The pathogenesis of DKD is multifactorial. Therefore, to study the relation between nesfatin-1 and DKD, we study also its relation to BMI, duration of diabetes, glycemic control, and insulin resistance.

In the current study, plasma nesfatin-1 was significantly higher in diabetic patients compared with the nondiabetic individuals; moreover, it is significantly higher in macroalbuminuric than microalbuminuric and normoalbuminuric patients.

There was a positive correlation between the nesfatin-1 and serum creatinine and UACR, whereas there was a negative correlation between nesfatin-1 and eGFR.

Although plasma nesfatin-1 was shown to be increased in patients with diabetes [12], conflicting results have refuted the presence of such association [13].

Possible inflammatory mechanisms should be considered to explain the serum nesfatin-1 increased levels in patient with DKD. Albuminuria actively contributes to endothelial dysfunction that is predominantly characterized by long-term and low-grade state of systemic inflammation.

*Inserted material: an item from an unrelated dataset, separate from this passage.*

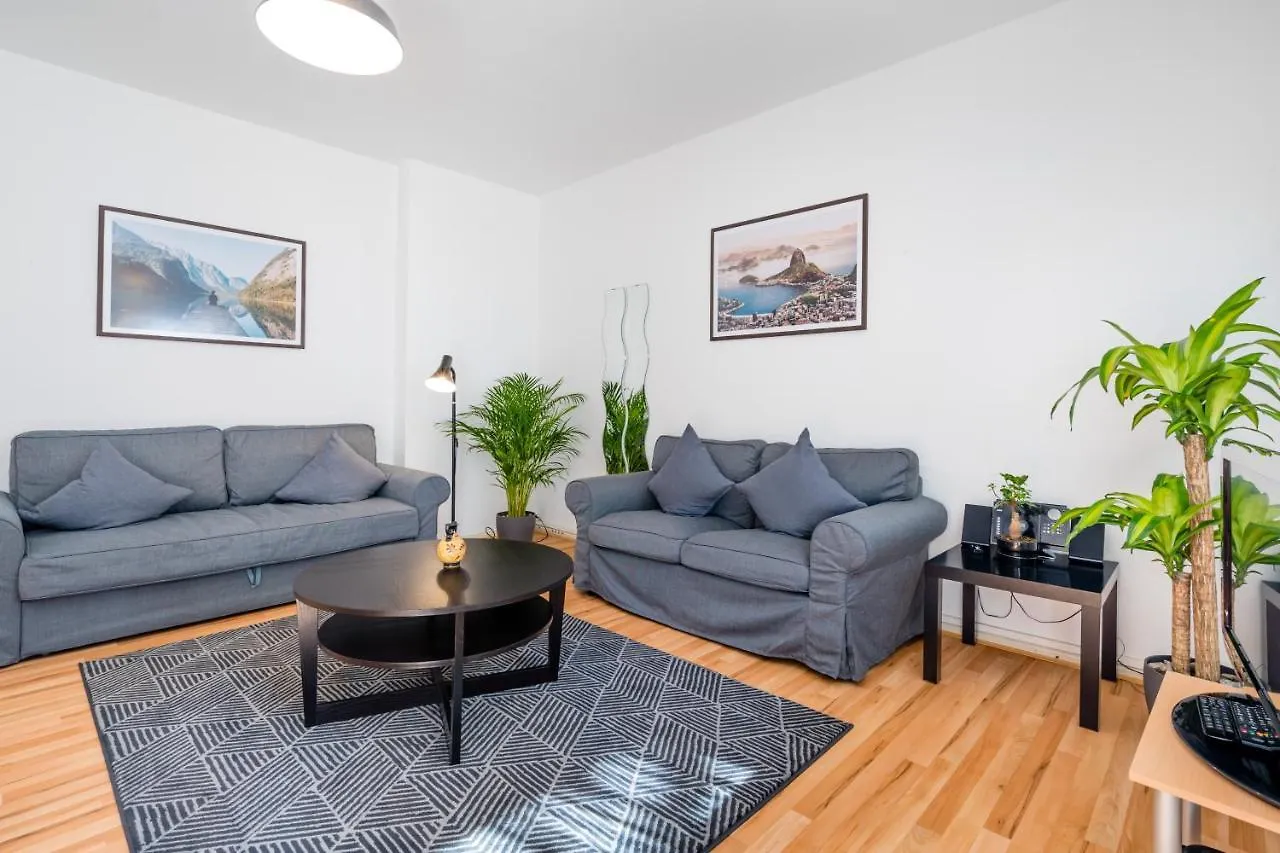 Greatstay - Barbarossa Str. 26 Берлин 0*,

At the level of hypothalamus and brain stem, a proportion of nesfatin-1-producing neurons are highly sensitive to peripheral inflammatory stimuli [14],[15].

Elevated plasma nesfatin-1 is also because of activation of mechanisms against DKD-mediated metabolic and inflammatory disturbance. Consistently, Joing et al. [14] demonstrated the potency of nesfatin-1 as a potential therapeutic agent in renal ischemic reperfusion injury through its anti-inflammatory, antioxidant, and antiapoptotic effect. Nesfatin-1 has also an anti-inflammatory feature, especially in brain damage [15],[16].

Recent histopathologic studies reported the overexpression levels of N4CB2 nesfatin-1 and binding sites localized to the renal tissue cells at both mRNA and protein levels in the absence of inflammation. These reports [17] suggest that the increase in plasma NUCB2 nesfatin-1 is derived from the renal tubules in DKD that acts as one of renal protective mechanisms [18].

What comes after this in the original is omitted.